YLA program now accepting applications

Published 6:35pm Saturday, August 25, 2012

For high school juniors who are seeking an opportunity to bolster their resumes, gain experience in the community and learn more about leadership, the Youth Leadership Atmore program is now accepting applications. Packets are now available at Atmore Christian School, Escambia Academy, Escambia County High School, Northview High School or at the Atmore Chamber of Commerce for those home-schooled students interested in applying for the 2012-2013 Youth Leadership Atmore Program.  Completed applications must be signed by parents and school officials and turned into the Atmore Area Chamber of Commerce office by 5 p.m. on Thursday, Sept. 6.

Participants must be enrolled in one of the above- mentioned schools and have a cumulative grade point average of 2.5 or higher. The Youth Leadership Atmore Steering Committee will review all applications and references and schedule interviews for all eligible applicants.  Interviews will be held Sept. 10, 11 and 12 beginning at 3 p.m. Tuition is $125 for each participant. Partial financial aid may be available to those students demonstrating a need. All other funding is donated through corporate sponsorship, gifts from members of the public and designated fund-raising projects.

Deborah Daniel, who plays a prominent role of the committee, said the program is also indebted to the Poarch Creek Indian community.

“We’re fortunate that the Creek Indians have allowed us to use their transportation—and driver,” Daniel said.
This youth leadership program, now in its eighteenth year, begins in October with an overnight retreat at Camp Beckwith on Weeks Bay in Fairhope. Then, from November through April, the class is involved in a series of interactive, hands-on activities, which take place one day each month. Participants have the opportunity to meet community and state leaders, visit major businesses, government offices, a college campus and healthcare facilities while learning first-hand how the Atmore community works and how youth leadership can make a difference.

Among the many topics covered, some include sessions on formal etiquette, personal banking, law enforcement, business and industry, and the history of Atmore. The business and industry session helps students who may not be interested in college and instead wish to learn a trade. The industry focus varies from year to year.

“We try to introduce the kids to different aspects, to broaden their horizons,” Daniel said.

Another important session focuses on resumes and interviews. Students have an opportunity to develop a resume and perform mock interviews, which are conducted by human resource works at local businesses.

Beyond benefiting the students personally, those in the program have a chance to give back to the community through a service project. In past years, projects have included a food drive or making bracelets to benefit cancer patients. As long as the project meets safety guidelines, the group can pursue any project they develop. The project not only gives students a chance to give back, but it also benefits them in teaching them how to work in a group and being able to have problem-solving skills. The students often have fun, too.

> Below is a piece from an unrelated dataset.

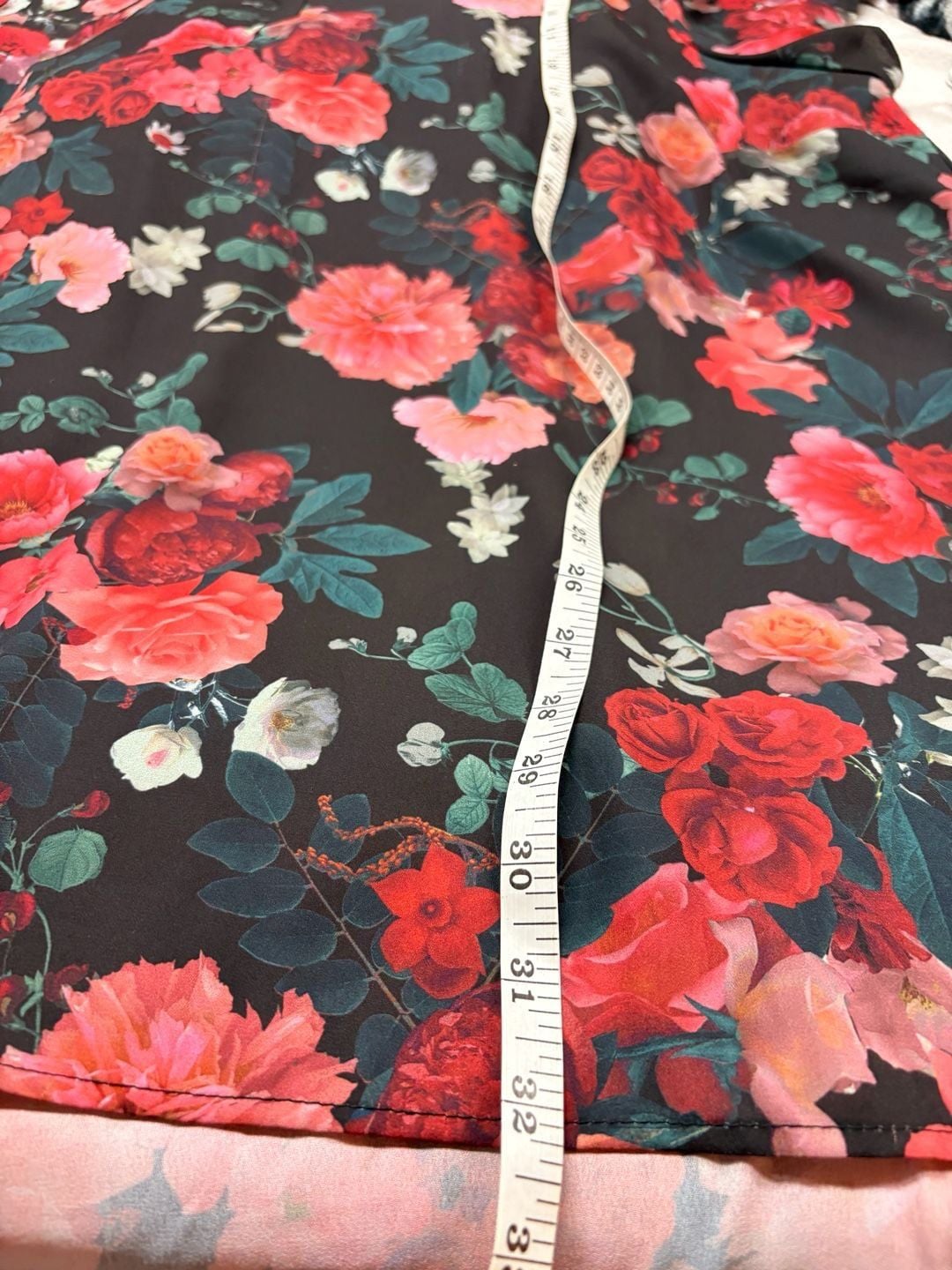 Torrid Black Rose Floral Georgette Short Sleeve Hi-Low Tunic Blouse Size 3 5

“Every time at graduation—they talk it up,” Daniel said.

As it turns out, according to Daniel, the Youth Leadership Atmore began when adult members of Leadership Atmore decided to create a similar program for adolescents as part of their service project. Challenges have arisen because the program is a serious time investment for those serving on the committee.

“Our biggest problem has been finding committee members who want to give their time.” Daniel goes on to note that some people simply don’t have the time to dedicate to the committee.

However, the program has been a success for close to two decades now because many of the same people offer their time and resources to the program year after year.

“Every year, we’re really lucky that we have the same people who help us,” Daniel said.